▸ Assigned task
Tally the lines in the records below that contain "Black" and return only the result.

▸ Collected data
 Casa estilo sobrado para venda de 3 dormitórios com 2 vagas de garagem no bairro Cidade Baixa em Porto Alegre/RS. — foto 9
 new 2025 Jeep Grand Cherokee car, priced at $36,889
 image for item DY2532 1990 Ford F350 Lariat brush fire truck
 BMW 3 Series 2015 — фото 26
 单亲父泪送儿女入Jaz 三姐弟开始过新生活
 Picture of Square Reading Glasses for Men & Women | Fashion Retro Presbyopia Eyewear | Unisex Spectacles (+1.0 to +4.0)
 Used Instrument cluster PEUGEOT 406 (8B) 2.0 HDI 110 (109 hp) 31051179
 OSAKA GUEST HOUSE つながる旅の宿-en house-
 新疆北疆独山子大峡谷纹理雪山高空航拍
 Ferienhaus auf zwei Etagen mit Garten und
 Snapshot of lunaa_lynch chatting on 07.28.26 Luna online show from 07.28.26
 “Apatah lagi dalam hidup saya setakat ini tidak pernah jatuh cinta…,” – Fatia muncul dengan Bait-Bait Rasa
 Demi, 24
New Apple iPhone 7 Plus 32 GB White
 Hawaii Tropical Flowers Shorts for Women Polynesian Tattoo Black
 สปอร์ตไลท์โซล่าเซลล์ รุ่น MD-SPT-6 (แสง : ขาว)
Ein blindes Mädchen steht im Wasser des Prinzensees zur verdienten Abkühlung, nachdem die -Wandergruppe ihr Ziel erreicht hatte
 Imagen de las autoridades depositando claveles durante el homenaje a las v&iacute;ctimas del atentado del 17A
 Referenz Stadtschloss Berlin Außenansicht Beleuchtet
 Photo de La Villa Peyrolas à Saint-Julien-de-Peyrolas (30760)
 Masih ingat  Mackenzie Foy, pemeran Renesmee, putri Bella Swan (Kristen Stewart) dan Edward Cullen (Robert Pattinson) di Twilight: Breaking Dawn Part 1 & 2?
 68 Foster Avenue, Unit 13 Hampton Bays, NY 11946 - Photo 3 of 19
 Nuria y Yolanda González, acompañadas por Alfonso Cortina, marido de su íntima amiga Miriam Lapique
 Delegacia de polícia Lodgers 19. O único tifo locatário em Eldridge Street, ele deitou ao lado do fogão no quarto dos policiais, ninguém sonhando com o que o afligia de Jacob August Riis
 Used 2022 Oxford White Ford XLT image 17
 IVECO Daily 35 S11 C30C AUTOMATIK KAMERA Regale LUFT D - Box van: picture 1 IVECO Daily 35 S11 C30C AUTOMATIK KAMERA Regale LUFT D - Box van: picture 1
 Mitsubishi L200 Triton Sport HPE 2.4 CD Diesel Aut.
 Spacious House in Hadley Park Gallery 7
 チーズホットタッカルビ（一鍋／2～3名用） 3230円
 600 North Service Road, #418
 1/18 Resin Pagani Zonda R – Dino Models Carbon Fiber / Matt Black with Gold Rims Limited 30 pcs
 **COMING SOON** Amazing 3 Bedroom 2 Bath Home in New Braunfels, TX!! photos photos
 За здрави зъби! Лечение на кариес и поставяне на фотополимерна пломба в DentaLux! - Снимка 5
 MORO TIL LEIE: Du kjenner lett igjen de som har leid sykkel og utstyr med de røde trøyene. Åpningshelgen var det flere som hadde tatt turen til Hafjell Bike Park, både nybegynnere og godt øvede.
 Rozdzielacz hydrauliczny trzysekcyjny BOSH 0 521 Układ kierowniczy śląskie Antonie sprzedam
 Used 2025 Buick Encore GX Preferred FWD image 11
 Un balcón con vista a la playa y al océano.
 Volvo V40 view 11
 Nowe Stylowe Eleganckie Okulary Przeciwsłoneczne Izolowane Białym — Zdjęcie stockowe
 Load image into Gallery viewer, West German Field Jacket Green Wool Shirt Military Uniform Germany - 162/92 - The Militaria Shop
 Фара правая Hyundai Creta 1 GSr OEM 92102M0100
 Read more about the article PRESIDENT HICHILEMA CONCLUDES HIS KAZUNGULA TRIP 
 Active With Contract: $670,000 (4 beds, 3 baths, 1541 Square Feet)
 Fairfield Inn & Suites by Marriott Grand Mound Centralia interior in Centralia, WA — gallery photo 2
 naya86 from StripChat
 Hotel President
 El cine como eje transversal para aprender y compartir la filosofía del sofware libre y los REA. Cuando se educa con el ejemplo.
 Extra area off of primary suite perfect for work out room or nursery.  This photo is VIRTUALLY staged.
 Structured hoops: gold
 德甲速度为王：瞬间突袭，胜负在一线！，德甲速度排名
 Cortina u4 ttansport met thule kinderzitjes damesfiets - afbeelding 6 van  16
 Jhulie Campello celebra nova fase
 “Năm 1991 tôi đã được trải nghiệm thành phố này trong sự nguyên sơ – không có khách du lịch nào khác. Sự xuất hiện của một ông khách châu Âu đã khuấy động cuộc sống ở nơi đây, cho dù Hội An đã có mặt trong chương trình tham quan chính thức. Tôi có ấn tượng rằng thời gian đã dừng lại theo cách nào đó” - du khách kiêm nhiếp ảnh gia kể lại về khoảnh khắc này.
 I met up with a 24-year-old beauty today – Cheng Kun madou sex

▸ Response below
2